The Cesarians ‘Pure White Speed’ (NYAT/Genepool)
The Cesarians’ big great orchestra swings in right from the start of the album mixing in a heavy metal old school style crooning, powerful, furiously dragging behind anyone who has an excessive amount of energy and fire to spare.
And then the openings of the tunes are movie tracks: from the 50s, somehow reminiscent of the great Hitchcock; carries an air of suspense, while some melodies are carried on tiptoe, others are theatrically grandiose: A rock star is murdered, we flee the crime scene with defiance in The Cesarians shoes; their instruments are the tools of a genre noir movie, then it’s the drums again, accompanying the battle, a gang fight from the old days, and the clock is ticking… Charlie Finke says, “Everything dies”: With this melodic melancholic song, a soft raw voice, he is the hero who lays his head on our shoulder, like the angel bringing upon the news of our demises.

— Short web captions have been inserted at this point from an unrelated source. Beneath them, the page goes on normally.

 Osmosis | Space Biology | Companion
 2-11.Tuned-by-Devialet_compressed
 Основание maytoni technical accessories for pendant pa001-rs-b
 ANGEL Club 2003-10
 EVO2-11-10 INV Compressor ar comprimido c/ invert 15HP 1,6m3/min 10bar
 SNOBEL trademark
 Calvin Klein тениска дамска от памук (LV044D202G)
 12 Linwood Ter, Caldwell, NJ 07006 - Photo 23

He is wicked in ‘She Said’. He is enchanteresque; alluring in ‘This Way’, he is both a character from Edgar Allan Poe’s stories and Pumpkin Jack, wandering in the heights of his town sunlit by a triumphant moon, despairing at the idea that he needs booze and a what?
It’s maybe the tone, the violin, the atmosphere, the voice. Is this a cello? Some kind of pounding bass?

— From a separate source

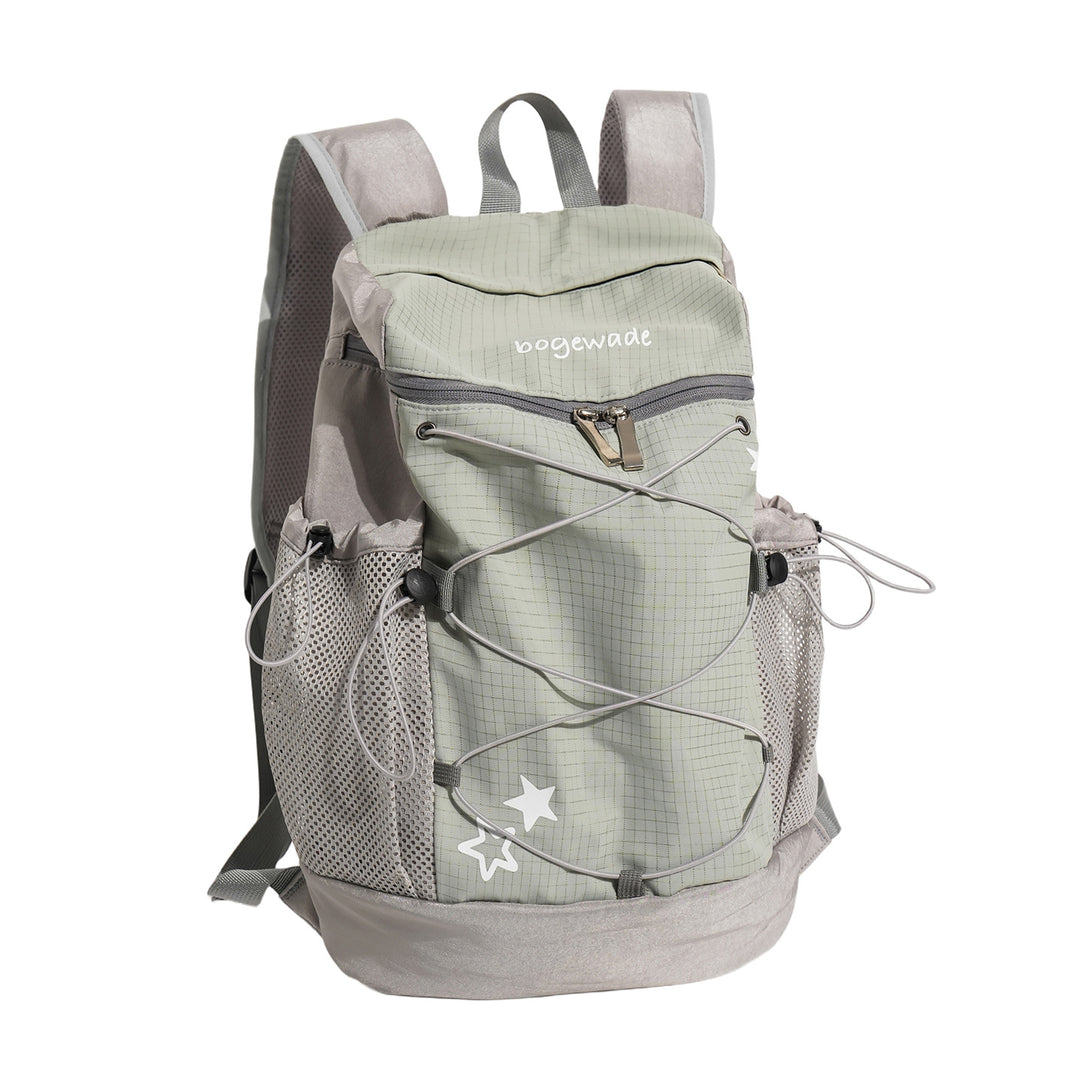 Multifunktionaler Outdoor-Rucksack Karnz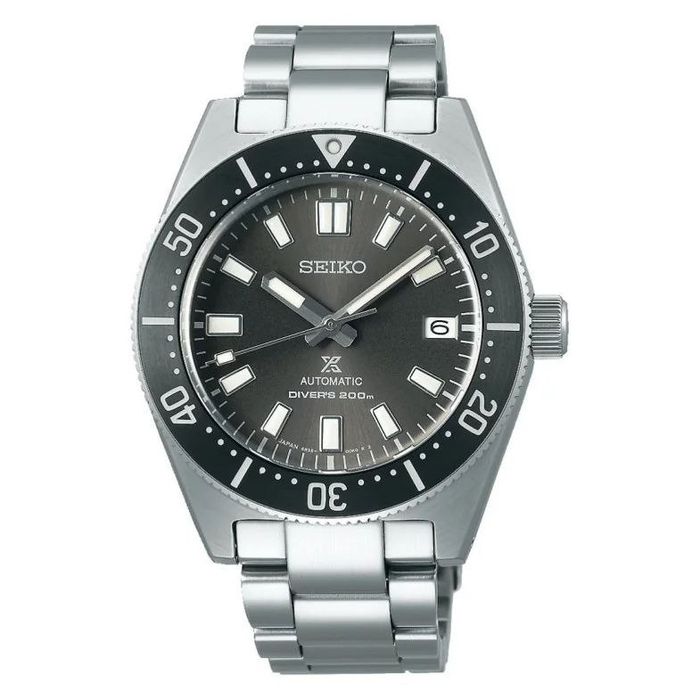 Seiko Prospex SPB143J1 Divers 200M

“Which way?” The tunes compel our emotions to stay on guard, because…The forsaken opera singer emerges from the dark with an innocent gaze and tries to pull our arm, dragging us out there in the world of the shadows…An eccentric fierce and romantic figure, Charlie Finke is wearing black, disguised under many masks, in Manilla perhaps.

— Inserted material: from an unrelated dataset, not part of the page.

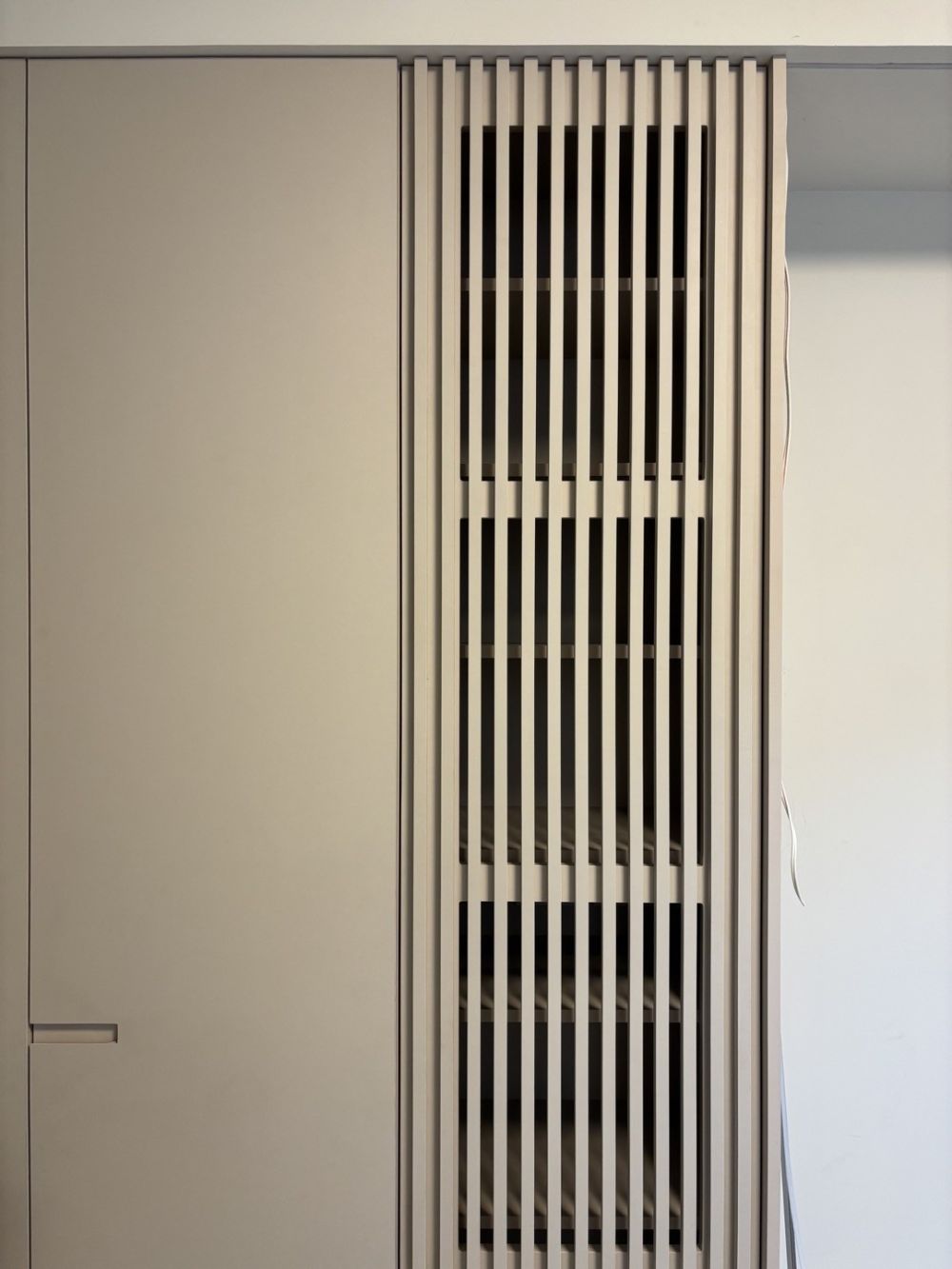 燈具工程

This in an eclectic album where each part of each tune seems like the pieces of one big puzzle: There is grand rock, there is the charismatic orchestra, the violins, the intensity of the voice, and it blends.
He is a woman too, Charlie; he is the man with wide open legs, and a short skirt, with the eyeliner running down his cheeks, after an exhausting day, he is decadent and beautifully neat, with these heels, he is the head of the mafia with the gaze of a falcon, it must be the use of these instrument and the allure of Charlie Finke himself, full of character and stamina, that affects our moods, today.